A blast of hot wind blowing in from the Sahara is carrying sand as well as heat from the African desert into France.
The wind – which is causing a September heatwave affecting almost the entire country – started to deposit sand in the south west of the country on Sunday (August 3).
Throughout this week, sand will be deposited across western France, as the wind blows it north towards the English Channel.
“The atmosphere will be heavy with sand from the Sahara for much of next week,” said meteorologist Anthony Grillon, founder of Météo Contact, over the weekend.
Alongside the hot weather, the sand will also bring an orange tint to skies, as well as significant deposits of sand.
In 2021, sand and snow mixed in the Pyrénées mountains after a Saharan wind blew grains of sable onto the mountain peaks.
In theory, drivers should be careful about sand that settles on their car windshields – fines of up to €68 can be imposed on cars being driven are deemed sufficiently dirty.
Sand deposits could reach Brittany
The sandy wind is not a unique phenomenon and recently around two sandstorms per year have been hitting France.
The last was in February 2023 when dust particles mixed with rain and caused pollution.
This time rain is not forecast but the winds are the cause of a heatwave currently affecting most of the country.
The video below shows the likely pattern of the wind that will bring the sand.
#sable #Sahara Les remontées de poussière saharienne liées à un puissant courant de sud seront particulièrement marquées dans les prochains jours.
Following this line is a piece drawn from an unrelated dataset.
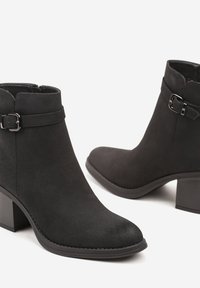 Bottines en suédine noire avec un petit talon carré, ornées d'une boucle sur le côté et d'une texture lisse. Design classique à bout arrondi.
Ce courant de sud sera également à l'origine de cette #chaleur qui nous accompagnera toute la semaine.@meteociel pic.twitter.com/uf8QC2yTy4— Guillaume Séchet (@Meteovilles) September 3, 2023
The west coast of France, alongside parts of the Mediterranean coast are set to be most affected, although sand deposits could be seen in Brittany and the northern coast of France.
The dust and sand particles in the area could be dangerous for those who already suffer from respiratory problems and people affected should take caution when going outside if the wind is expected to deposit sand where they live.
Drivers could face fines for dirty cars
If your vehicle is caught in the wind, significant sand and dirt particles may fall on it.
Not only will this make your car look unclean, if you do not remove it you could, in theory, be fined.
Article R316-4 of the French Highway Code states that the windscreen of a car being driven must be clean enough for you to see the road through the window, with at least one working windscreen wiper and sufficient windscreen wiper fluid.
Failure to keep your windscreen clean could result in a €68 fine – or €45 if paid in advance.
This may be easier said than done, however, if you live in an area where drought restrictions prevent you from washing a vehicle.